LONDON: The International Olympic Committee (IOC) on Friday defended its stance on Russia despite being criticised for baulking at calls to ban the country outright from last year’s Rio Olympics over doping.
Russia was accused in a World Anti-Doping Agency report last year of widespread state-sponsored doping. Its athletics team was barred by the IAAF from the Rio Games and will also miss the IAAF World Championships that got under way later Friday.But there was no blanket ban for Russia in Rio, the IOC coming under fire for instead allowing individual sports federations to decide which Russian athletes could compete.
IOC president Thomas Bach insisted that the IAAF was a special case, outlining the “collusive cooperation” Russian elements had enjoyed with the disgraced former IAAF president Lamine Diack and other corrupt people at the heart of track and field.
Russia “was discussed, it was raised”, Bach told a press conference here alongside current IAAF president Sebastian Coe, who initiated the ban on Russia and resultant reforms within global track and field’s governing body.

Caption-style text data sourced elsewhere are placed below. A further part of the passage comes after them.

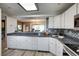 Modern kitchen featuring updated countertops, white cabinets, stainless appliances, and a pass-through to living area at 1038 E Michigan St # B, Orlando, FL 32806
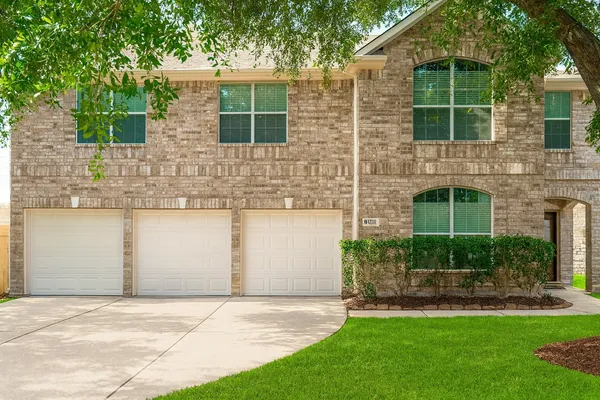 a front view of a house with a yard and a garage
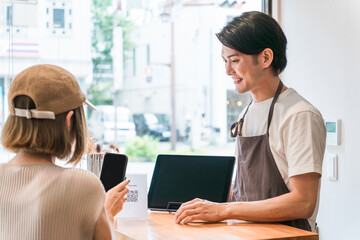 カフェのレジ・会計で電子決済・スマホ決済に対応するカフェ店員
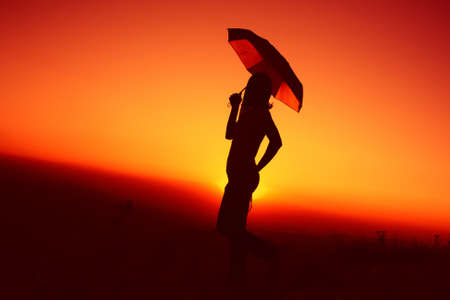 Silhouette of woman with Silhouette of woman with umbrella on sunset on sunsetの写真素材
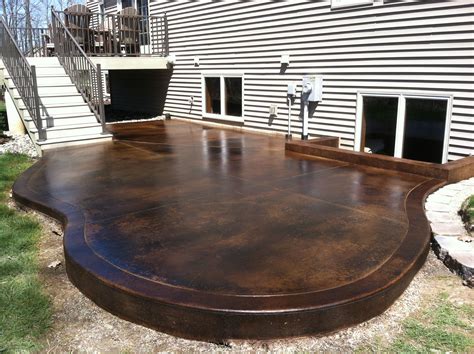 Stained concrete porch. To remove this type of stain from concrete: Pour one-eighth of a cup of liquid dishwashing detergent into a spray bottle, then top off the bottle with warm water and shake well. Spray the concrete ... 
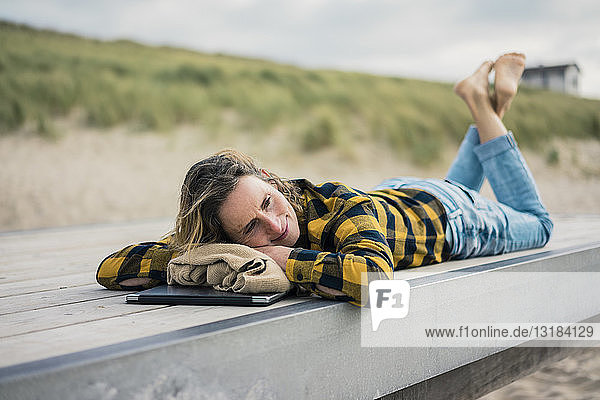 Mature woman with laptop  lying on boardwalk at the beach  relaxing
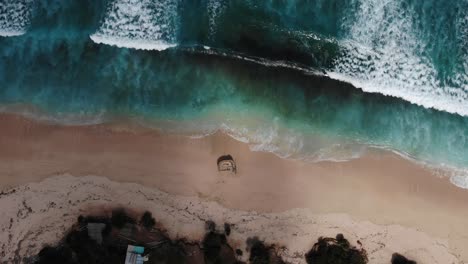 印尼巴厘島烏魯瓦圖 (uluwatu) 的<unk>加蘭海灘 (nunggalan beach) 的海浪逐一滾動的空中景色 | 巴厘島,南庫塔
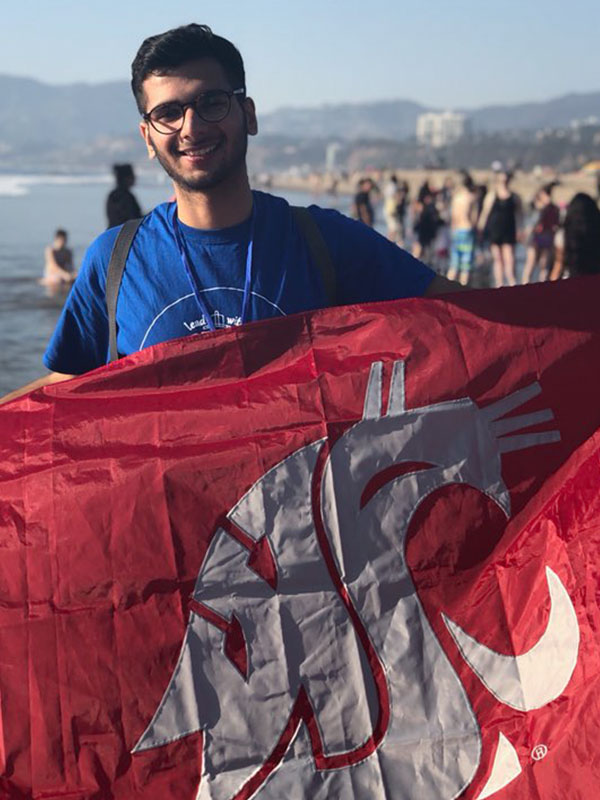Yatin Singla holding a large crimson WSU flag on a sunny beach, with waves, shoreline, and people in the background.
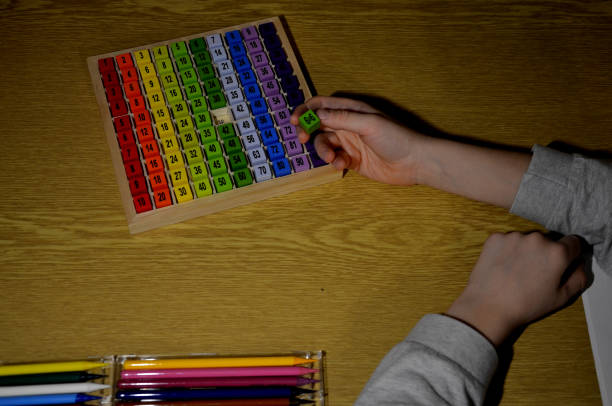 istock schoolboy draws with colored crayons and assembles a knowledge kit where there are numbers with multiples on wooden blocks. multiplication and division can be taught in a fun, playful way at school 1451684077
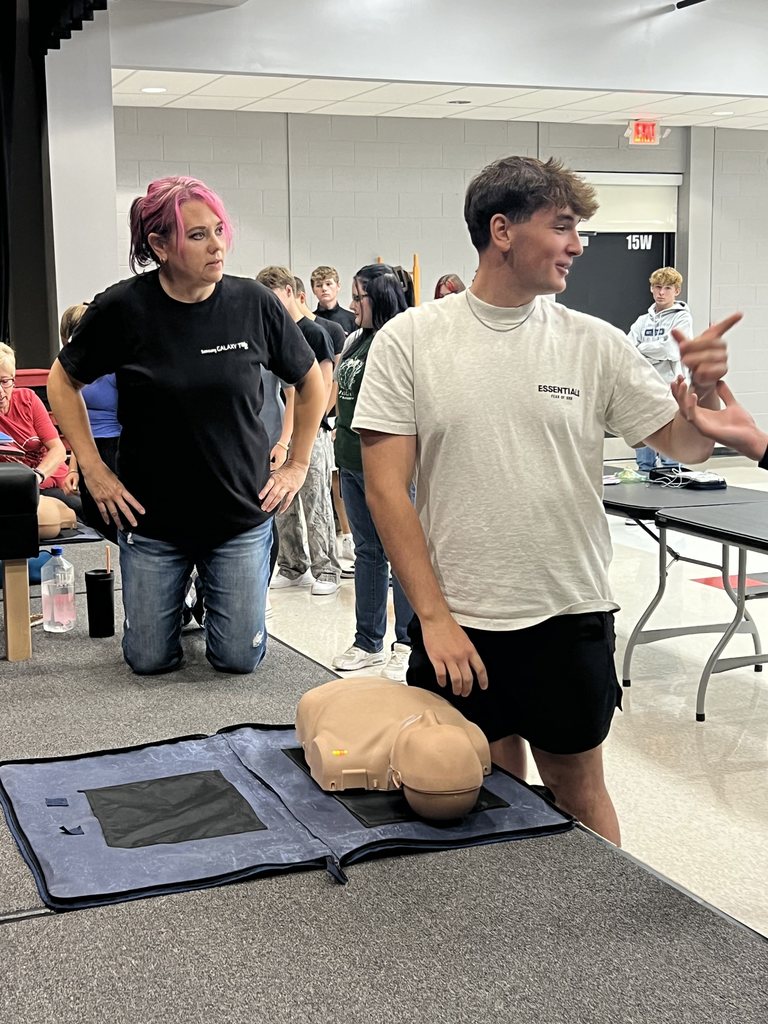 student practicing CPR for training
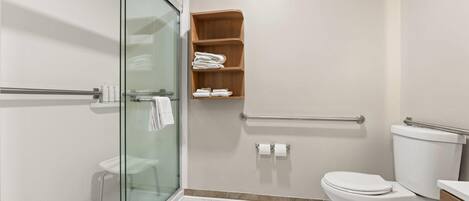 A modern bathroom with a glass shower enclosure, a toilet, and a wooden shelf with towels.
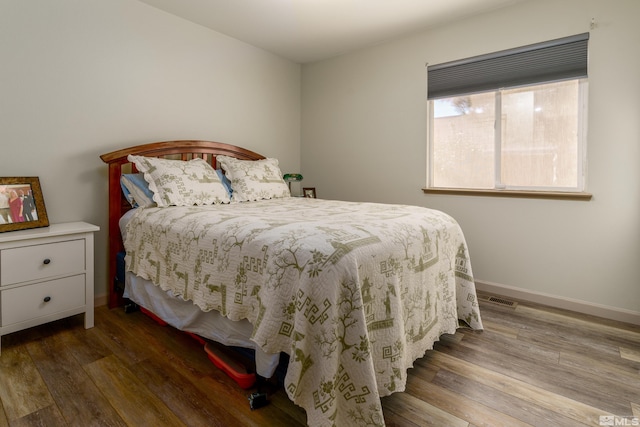 bedroom with hardwood / wood-style floors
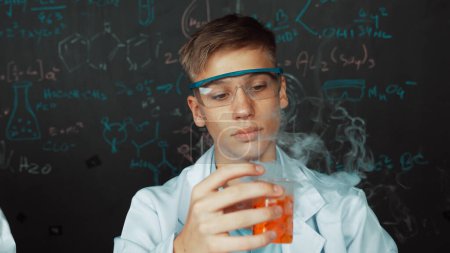 Photo for Closeup of boy inspect chemical solution while holding beaker at blackboard with chemical theory. Smart scientist doing experiment while analysis colored solution while wearing lab coat. Edification. - Royalty Free Image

“It was very clear that, as we have always said, different issues need different approaches,” the German said.“The IAAF is in fact the only international federation, international sports organisation, which is, due to facts relating to the former leadership of the IAAF, implicated in the report of Professor McLaren as is the national federation of athletics of Russia,” he said in reference to the Canadian co-author of the bombshell report into the state-sponsored doping.
“This is the difference to all other international federations.”Bach added: “It was a courageous decision at the time and it is a courageous decision to follow it through.
“The IOC accepted and supported these measures from the very beginning.”IAAF head Coe said he had informed Bach of Russia’s “important step” on Thursday when Dmitry Shlyakhtin, head of the Russian athletics federation (RusAF), publicly apologised for the doping scandal.
“I expressed my comfort that the new head of RusAF was prepared to acknowledge the turbulence that they had had to deal with and the way in which they were gripping that return,” the Briton said.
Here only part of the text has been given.